Records for the exercise section start

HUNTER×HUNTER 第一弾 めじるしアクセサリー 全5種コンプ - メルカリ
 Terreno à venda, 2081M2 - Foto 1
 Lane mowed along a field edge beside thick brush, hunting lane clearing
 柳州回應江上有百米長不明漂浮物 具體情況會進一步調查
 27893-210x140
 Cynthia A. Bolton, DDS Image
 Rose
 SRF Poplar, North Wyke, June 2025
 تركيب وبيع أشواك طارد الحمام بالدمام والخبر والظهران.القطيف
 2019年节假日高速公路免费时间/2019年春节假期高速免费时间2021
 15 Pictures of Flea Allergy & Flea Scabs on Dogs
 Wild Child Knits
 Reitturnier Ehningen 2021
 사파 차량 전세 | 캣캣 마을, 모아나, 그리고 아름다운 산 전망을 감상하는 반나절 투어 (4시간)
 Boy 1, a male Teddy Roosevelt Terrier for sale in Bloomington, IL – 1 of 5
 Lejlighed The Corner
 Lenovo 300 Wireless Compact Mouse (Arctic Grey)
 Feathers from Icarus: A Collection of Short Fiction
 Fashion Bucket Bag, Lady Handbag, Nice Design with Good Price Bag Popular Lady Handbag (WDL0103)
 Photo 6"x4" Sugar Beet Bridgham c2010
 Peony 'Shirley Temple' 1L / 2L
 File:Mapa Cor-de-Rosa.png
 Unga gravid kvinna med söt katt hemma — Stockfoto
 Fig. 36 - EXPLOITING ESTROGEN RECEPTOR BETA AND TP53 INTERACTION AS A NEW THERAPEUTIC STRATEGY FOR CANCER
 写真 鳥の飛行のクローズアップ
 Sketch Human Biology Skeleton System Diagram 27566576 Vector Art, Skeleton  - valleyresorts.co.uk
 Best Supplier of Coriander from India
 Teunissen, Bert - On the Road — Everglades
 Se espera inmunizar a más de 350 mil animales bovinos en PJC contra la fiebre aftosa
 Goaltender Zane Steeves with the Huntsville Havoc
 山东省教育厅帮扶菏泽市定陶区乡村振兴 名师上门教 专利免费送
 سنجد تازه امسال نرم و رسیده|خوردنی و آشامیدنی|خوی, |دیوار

Records for the exercise section end

Exactly as they appear, write out the lines from the one containing "Cynthia A. Bolton, DDS Image" through the final line of the entries above, both included.

Your solution:
 Cynthia A. Bolton, DDS Image
 Rose
 SRF Poplar, North Wyke, June 2025
 تركيب وبيع أشواك طارد الحمام بالدمام والخبر والظهران.القطيف
 2019年节假日高速公路免费时间/2019年春节假期高速免费时间2021
 15 Pictures of Flea Allergy & Flea Scabs on Dogs
 Wild Child Knits
 Reitturnier Ehningen 2021
 사파 차량 전세 | 캣캣 마을, 모아나, 그리고 아름다운 산 전망을 감상하는 반나절 투어 (4시간)
 Boy 1, a male Teddy Roosevelt Terrier for sale in Bloomington, IL – 1 of 5
 Lejlighed The Corner
 Lenovo 300 Wireless Compact Mouse (Arctic Grey)
 Feathers from Icarus: A Collection of Short Fiction
 Fashion Bucket Bag, Lady Handbag, Nice Design with Good Price Bag Popular Lady Handbag (WDL0103)
 Photo 6"x4" Sugar Beet Bridgham c2010
 Peony 'Shirley Temple' 1L / 2L
 File:Mapa Cor-de-Rosa.png
 Unga gravid kvinna med söt katt hemma — Stockfoto
 Fig. 36 - EXPLOITING ESTROGEN RECEPTOR BETA AND TP53 INTERACTION AS A NEW THERAPEUTIC STRATEGY FOR CANCER
 写真 鳥の飛行のクローズアップ
 Sketch Human Biology Skeleton System Diagram 27566576 Vector Art, Skeleton  - valleyresorts.co.uk
 Best Supplier of Coriander from India
 Teunissen, Bert - On the Road — Everglades
 Se espera inmunizar a más de 350 mil animales bovinos en PJC contra la fiebre aftosa
 Goaltender Zane Steeves with the Huntsville Havoc
 山东省教育厅帮扶菏泽市定陶区乡村振兴 名师上门教 专利免费送
 سنجد تازه امسال نرم و رسیده|خوردنی و آشامیدنی|خوی, |دیوار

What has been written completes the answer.